Era poco lo que podía llevarse a caballo, así que paseó la mirada por la habitación para ver si había algo imprescindible aparte de su dinero. Había traído algunos de sus mejores vestidos, pero no se quedaría ahí simplemente para proteger su ropa.

Envolvió sus joyas en una muda de lino y luego todo en un chal indio; el envoltorio metido en una bolsa de piel no estorbaría nada detrás de la silla.

Aunque le habría gustado salir de la casa de inmediato y pisando fuerte, la habían educado demasiado bien; no podía irse sin decir palabra.
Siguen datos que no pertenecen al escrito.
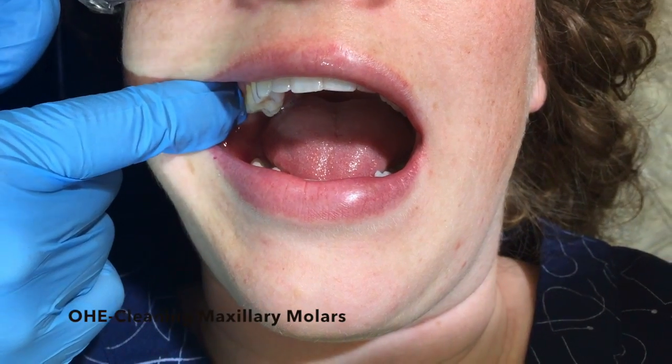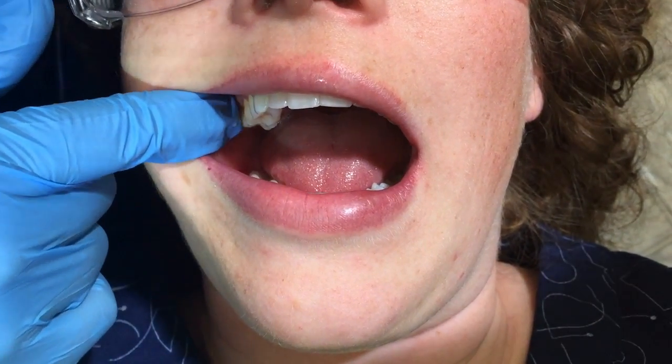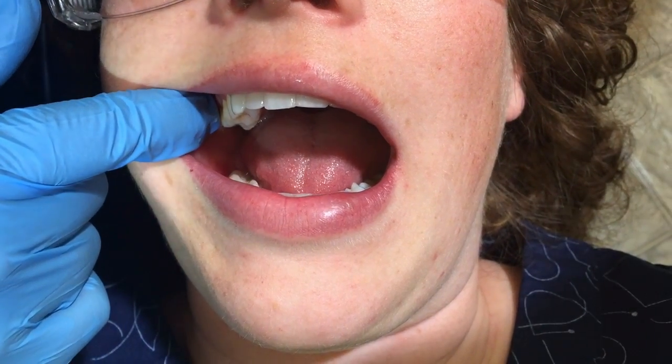When a patient has a lot of plaque on their molars or calculus, a lot of times they're missing brushing because the cheek is pushing the toothbrush out of the way.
Debía escribirle una nota a la mujer con la que viajó, y eso sería fácil; también debía dejarle una nota a Godfrey, y eso no sería fácil; pero no consiguió decidirse a dejarle una a lady Norland. Se sentó ante el escritorio y escribió la primera nota. En la dirigida a él deseó manifestarle toda su furia, pero un simple papel no podía contener esa furia.

Finalmente se decidió por: «Debe buscar otra dote para cazar. Envíe, por favor, mis pertenencias a la casa Ashton». Adrede especificó la mansión ducal de su hermano. Esas personas podían considerarla una furcia, pero, pardiez, era una furcia de alcurnia.
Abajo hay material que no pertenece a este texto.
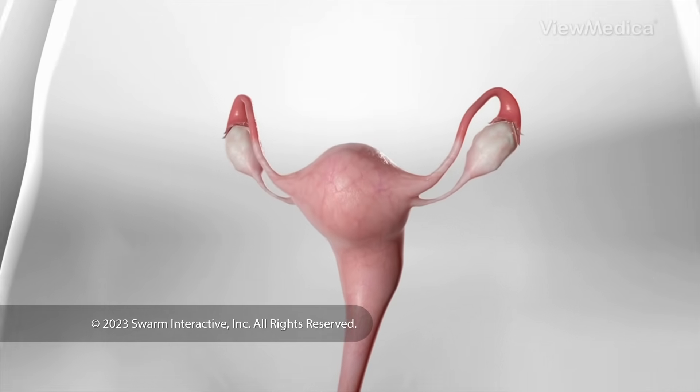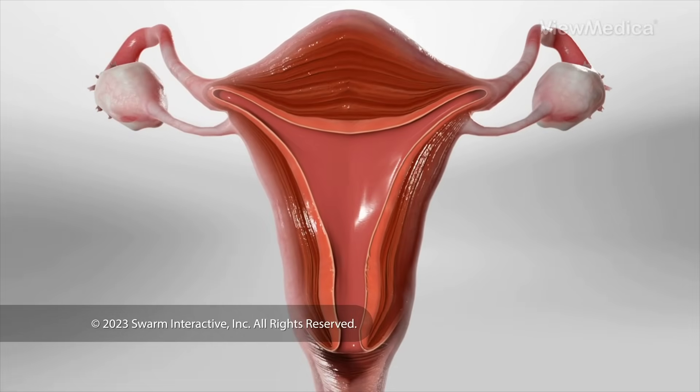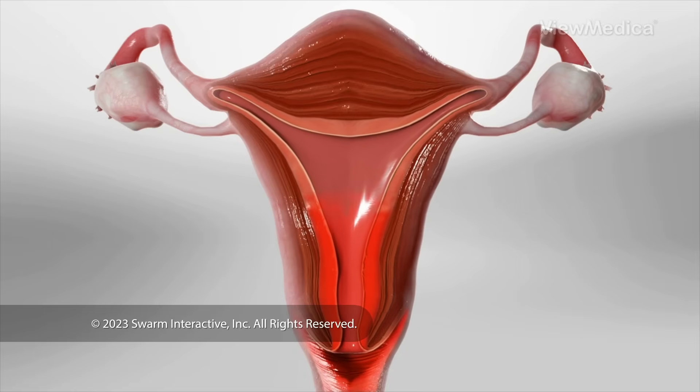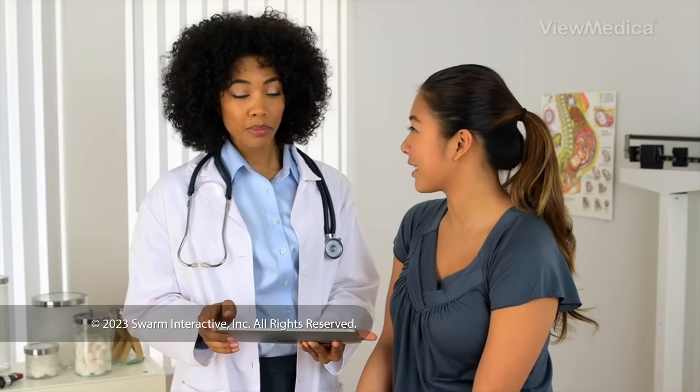This procedure destroys the endometrium — the layered tissue that lines the inner wall of your uterus. This tissue sheds when you have your monthly period. Ablation is sometimes used to treat heavy menstrual bleeding. It is used only when you do not want to get pregnant in the future.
Dado que su doncella no pudo venir por estar atrapada en la casa por la cuarentena del sarampión, le habían asignado una chica de la casa Norland, de poca habilidad y menos personalidad. Le dejó una generosa propina por sus servicios y salió de la habitación.
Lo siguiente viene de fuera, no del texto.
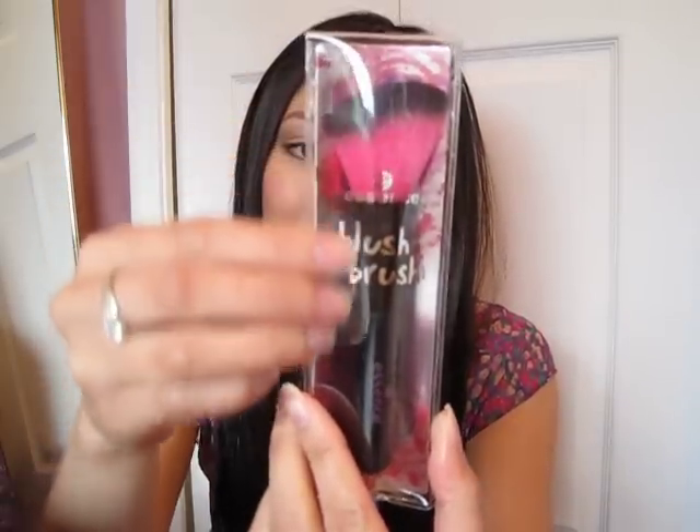Hi guys, sorry my camera cut me off. So the third item I purchased from the Essence Cosmetics line is their Blush Brush. It comes in this little plastic clear case with a little pattern in the back. I'll take it out for you guys so you can have a better look at what the brush looks like.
Afortunadamente no vio a ninguno de los Hitchcock ni de los invitados cuando bajó la escalera, salió de la casa y se dirigió al establo. Sabía qué caballo deseaba: Chieftain, un espléndido bayo castrado purasangre que pertenecía al hermano mayor de Godfrey, George. George, el pomposo heredero del título, casado con una sosa rubia y padre de dos niños rubios firmemente ingleses. El hombre no se merecía un caballo tan fino; había estado deseando cabalgarlo.

En el establo reinaba el silencio, así que supuso que los mozos estaban cenando. Daba igual, ya se había hecho amiga de Chieftain esa semana. Se detuvo a pensar qué silla usar.

La de Godfrey era de buen tamaño, pero le dio repelús usar algo de él, así que eligió una que no tuviera dueño. Sólo le llevó unos minutos ensillar a Chieftain y llevarlo fuera del establo tirando de las riendas. Ahí montó con la misma facilidad que un hombre, lo hizo virar en dirección a Dover y salió de Grimes Hall para no volver jamás.